A team of researchers from MIT, Columbia University, Harvard University, University of Waterloo has proposed the first-ever method for using neural networks pre-trained on text datasets and then fine-tuned on code to solve mathematics problems by program synthesis. The team has demonstrated the method’s ability to automatically generate programs from mathematics questions, execute them to solve university-level problems from MIT’s extensive mathematics courses. The proposed methods consist of two major innovations that have attributed to its success:
1) Use of recent neural networks pretrained on text followed by a fine-tuning on code, rather than training on text alone which attributed to failures of many of the past studies
2) New techniques to rephrase problems were used such that the neural networks downstream can efficiently synthesize the correct executable functions
The overall scheme showed that it is possible for a single neural network without any specialized fine-tuning to automatically solve mathematics problems within seconds per problem across a wide range of courses with different concepts involved. The neural network provides an executable program as an output that then solves the mathematics problem at hand and visualizes it if required.
The researchers tested the method on six courses from MIT and one course from Columbia University. The courses’ concepts were single and multi-variable calculus, differential equations, probability, statistics, and linear algebra. The neural network was able to solve the problems from the listed courses with perfect accuracy. On testing the scheme on the MATH benchmark, accuracy to 100% was achieved, which is a huge accomplishment compared to the previous state-of-the-art result of 6.9%-8.8%.
The group also demonstrated a method for generating new questions for each course using the Open AI Codex Transformers. A randomly cropped version of the numbered list from the dataset of each course is taken to create new questions, and the result is then used to prompt the Codex for generating the next question. This process is carried out multiple times for each course to generate a new set of questions. A survey was carried out among MIT and Columbia University students who have taken the courses or equivalent courses to evaluate the machine-generated problems. The comparison of machine-generated and human-generated problems was done based on their difficulty level and appropriateness for the course. Also, the students were asked to label a set of problems as being machine-generated or human-generated. The complete survey results are summarised in the figure below from the original paper.

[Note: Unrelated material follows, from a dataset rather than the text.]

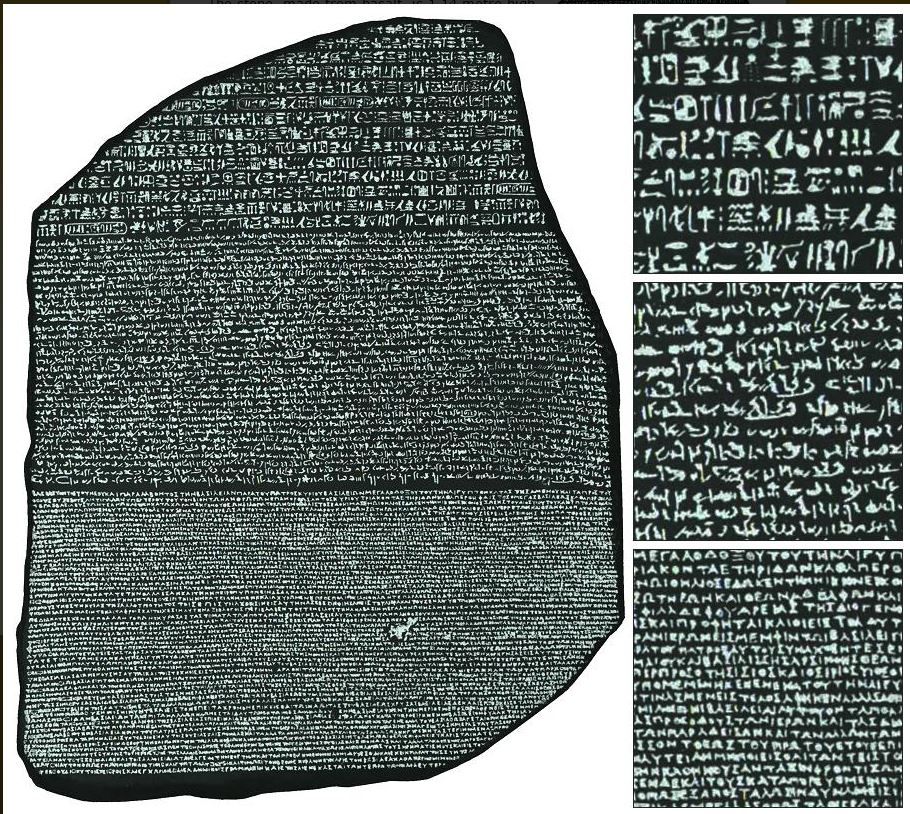 Rosetta Stone, with examples of trhee scripts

The researchers also proposed a scheme for the grading of the papers. The grading scheme was implemented by comparing correct answers with student answers given a point allocation. The paper did not provide much details regarding the neural network architecture used. Although many examples of solving, generating, and grading mathematics problems are provided in the paper, whose details can be found here. The research group believes that their approach can be scaled to other STEM courses and can bring substantial pedagogical benefits to higher education by providing automatic solution evaluation and question generation capability. The students’ survey showed that the machine-generated problems were quite close to the human written problems. The researchers seek to scale up this survey to many students and hundreds of other courses.